The present work is inspired from the approach of memory-centric architectures, where computations in silicon are supposed to be performed- either very close to the location of data (known as Near-Memory Computing, NMC), or in-situ where data is stored (known as In-Memory-Computing, IMC, Logic-in-Memory, LIM, or Processing-in-Memory, PIM). In several approaches presented in recent literature, digital logic-gates (NAND, NOR etc.) or analog mathematical functions (multiply, accumulate, VMM etc.) have been realized using memory bitcells (or their modified variants) by using clever programming/sensing techniques.

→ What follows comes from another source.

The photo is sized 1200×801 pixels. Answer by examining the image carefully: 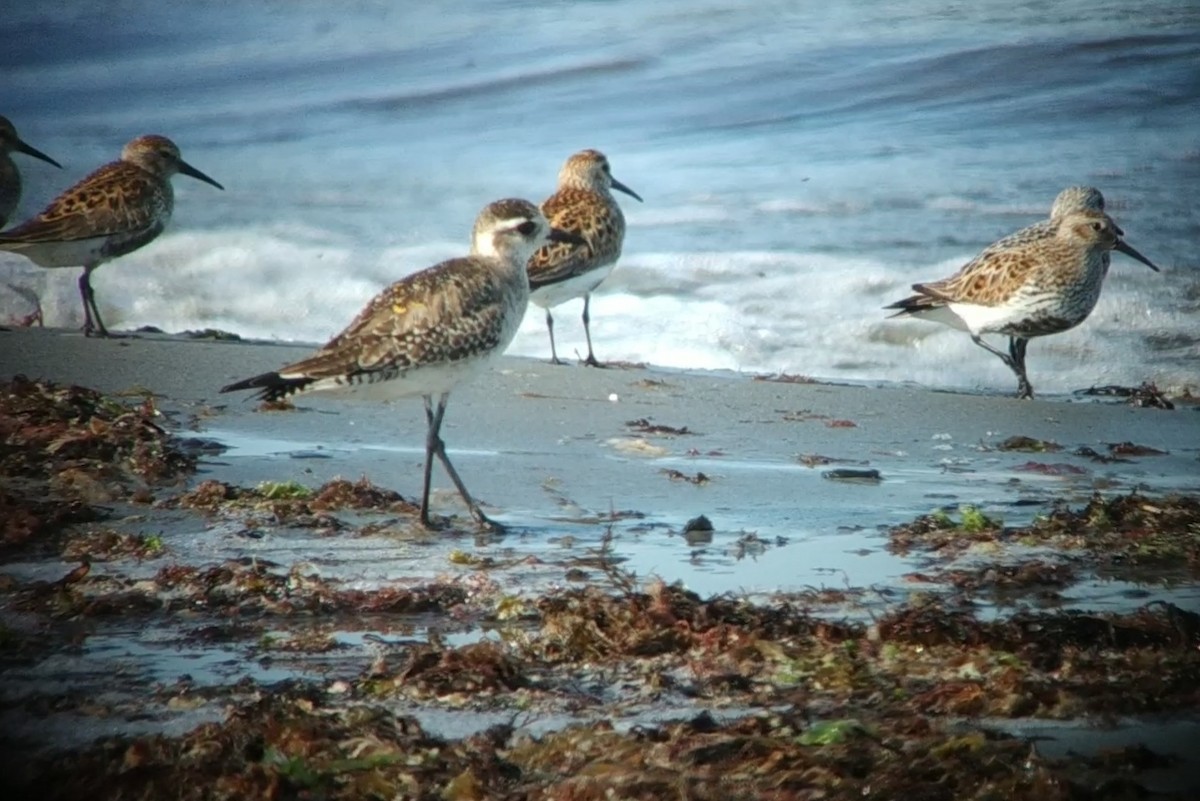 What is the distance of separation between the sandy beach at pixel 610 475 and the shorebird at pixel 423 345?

The hidden caveat here is that in most LIM approaches, when a memory bitcell plays the role of a logic component, it no longer remains storage. Hands down in a one-to-one computational-performance match between any non-volatile memory bitcell and state-of-the-art CMOS circuit, the CMOS circuit will turn out victorious in terms of speed and power. The benefit of LIM will only last till we offset data-shuttling costs. This doesn’t mean that the LIM approaches presented in literature are not advantageous. They are in fact extremely advantageous in terms of data-shuttling overheads as they fulfill the initial motivation of bringing computation closer to storage. But what after that? How do we keep pushing further the LIM/PIM/IMC bandwagon? One possibility is through functionality! The advantage of LIM would increase manifold if the memory bitcells which compute also preserve their utility as standard memory blocks for which they were initially built. The present work is an attempt in that very direction. In other words, we are trying to argue for functionally more versatile LIM bitcells.

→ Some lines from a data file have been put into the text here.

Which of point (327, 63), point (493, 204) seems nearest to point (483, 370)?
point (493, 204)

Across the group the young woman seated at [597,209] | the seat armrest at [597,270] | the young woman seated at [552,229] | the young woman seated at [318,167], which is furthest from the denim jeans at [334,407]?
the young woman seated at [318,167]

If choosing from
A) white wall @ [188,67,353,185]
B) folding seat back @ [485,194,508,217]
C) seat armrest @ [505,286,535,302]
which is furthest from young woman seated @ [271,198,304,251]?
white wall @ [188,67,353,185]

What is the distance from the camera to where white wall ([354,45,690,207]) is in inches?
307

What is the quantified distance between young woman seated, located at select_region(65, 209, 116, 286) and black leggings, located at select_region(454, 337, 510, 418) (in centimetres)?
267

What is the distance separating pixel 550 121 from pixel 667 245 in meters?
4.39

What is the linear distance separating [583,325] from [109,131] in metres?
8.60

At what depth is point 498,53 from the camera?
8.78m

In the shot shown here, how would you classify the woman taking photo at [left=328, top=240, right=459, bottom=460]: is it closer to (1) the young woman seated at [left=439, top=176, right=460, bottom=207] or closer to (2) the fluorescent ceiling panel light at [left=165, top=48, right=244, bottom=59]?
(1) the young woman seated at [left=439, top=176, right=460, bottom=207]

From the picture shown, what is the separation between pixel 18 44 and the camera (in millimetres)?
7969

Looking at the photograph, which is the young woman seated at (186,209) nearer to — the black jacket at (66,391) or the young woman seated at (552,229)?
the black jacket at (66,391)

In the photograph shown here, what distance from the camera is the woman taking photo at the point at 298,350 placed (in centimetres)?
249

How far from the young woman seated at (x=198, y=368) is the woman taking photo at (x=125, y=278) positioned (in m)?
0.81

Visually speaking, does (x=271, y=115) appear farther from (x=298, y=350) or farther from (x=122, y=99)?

We experimentally demonstrate that LIM operations can be realized by emerging resistive memory bitcells while still preserving their initial memory/storage functions. This functionality benefit is less intuitive on a smaller scale, however we believe that it has huge scope for ultra-dense storage ecosystems. High-end futuristic ~PB size SSDs, massive data centers etc. The goal here is not to replace a CPU/GPU computation with a SSD. Rather it is to utilize the numerous SSDs lying idle once data has been stored on them for some basic computation, without disturbing the stored data. With current LIM approaches this is not possible; as soon storage is utilized for logic, it may end up losing the initially stored data. With most current LIM approaches, the storage silicon can either be used for LIM or for storage but not both simultaneously. With the proposed SLIM approach a latent storage can perform compute while lying idle and later read-back the initial data that was stored on it when the user wants. The two actions are not mutually destructive. Ensuring this simultaneous functionality virtually increases the area benefits of the same silicon block. If you are still interested in this, please read our Nature Scientific Reports paper here.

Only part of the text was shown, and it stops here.